One option refiners have to comply with the law is to reduce gasoline and diesel production, which means consumers risk paying more at the pump — as much as 10 cents more, reports Bloomberg.

Prices at the pump could surge even higher as high priced ethanol credits make gas imports more expensive, which creates an incentive for refiners to export gas and avoid ethanol blending requirements.

“The EPA has the authority to revise the ethanol requirements, and some believe doing so would decrease the cost of gasoline by five to 10 cents a gallon,” said Benjamin Cole, communications director at the Institute for Energy Research. “This seems like a ‘no brainer’ since the original targets for ethanol blended into gasoline were based on increasing gasoline demand, not declining demand as we are seeing it today.”

High ethanol credit prices also give refiners an incentive to export more fuel abroad to avoid blending requirements.

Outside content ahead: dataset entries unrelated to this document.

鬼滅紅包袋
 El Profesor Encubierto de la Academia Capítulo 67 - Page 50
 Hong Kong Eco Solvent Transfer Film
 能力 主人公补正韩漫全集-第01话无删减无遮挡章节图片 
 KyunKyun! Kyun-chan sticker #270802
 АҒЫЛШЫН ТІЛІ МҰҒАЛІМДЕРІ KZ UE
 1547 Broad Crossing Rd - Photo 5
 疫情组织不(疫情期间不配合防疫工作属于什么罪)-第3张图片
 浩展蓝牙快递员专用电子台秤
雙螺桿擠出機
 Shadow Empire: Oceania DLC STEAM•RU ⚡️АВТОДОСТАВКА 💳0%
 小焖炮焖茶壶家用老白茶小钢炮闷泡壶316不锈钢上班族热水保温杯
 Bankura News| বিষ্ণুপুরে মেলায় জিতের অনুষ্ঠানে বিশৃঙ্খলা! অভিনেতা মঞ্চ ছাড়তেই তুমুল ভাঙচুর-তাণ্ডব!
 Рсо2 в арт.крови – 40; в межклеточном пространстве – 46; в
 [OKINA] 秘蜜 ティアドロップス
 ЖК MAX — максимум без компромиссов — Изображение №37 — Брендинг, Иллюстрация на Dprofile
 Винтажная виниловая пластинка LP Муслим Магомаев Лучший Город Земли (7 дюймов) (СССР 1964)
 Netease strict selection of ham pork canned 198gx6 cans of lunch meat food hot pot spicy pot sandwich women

“The additional cost of RINs provides even more incentive to export motor fuel,” reports the Oil Price Information Service. “One refiner that was all set to move some gasoline blendstock to Florida reportedly moved the cargo offshore, where the sale would not be impacted by the necessity to purchase some RINs.”

However, the ethanol industry argues that high RIN prices indicate the need for blending more ethanol into the fuel supply.

Reuters reports that the ethanol industry blames refiners for driving up gasoline and RIN prices due to their refusal to blend up to 15 percent ethanol per gallon of gas — E15 — which would relieve upward pressure on prices.

However, research by the oil and auto industry supported Coordinating Research Council found that E15 could endanger the fuel systems in millions of vehicles model year 2001 and newer, which could mean vehicles breaking down on the road.

The oil and gas industry has called for the EPA renewable fuels mandate to be completely repealed because it is unworkable and will force vehicles to use more harmful, ethanol-heavy fuels.

“We believe the Renewable Fuels Standard is unworkable and should be repealed,” said Robert Greco, downstream group director at API. “There is a fundamental flaw in the enabling statute so the only way to fix it is to scrap the law and start over if Congress believes such a program is necessary.”

Earlier this year, a federal court ruled that the EPA’s renewable fuel mandate and ruled that the agency exceeded its authority by requiring refiners to use cellulosic biofuels, which isn’t commercially available.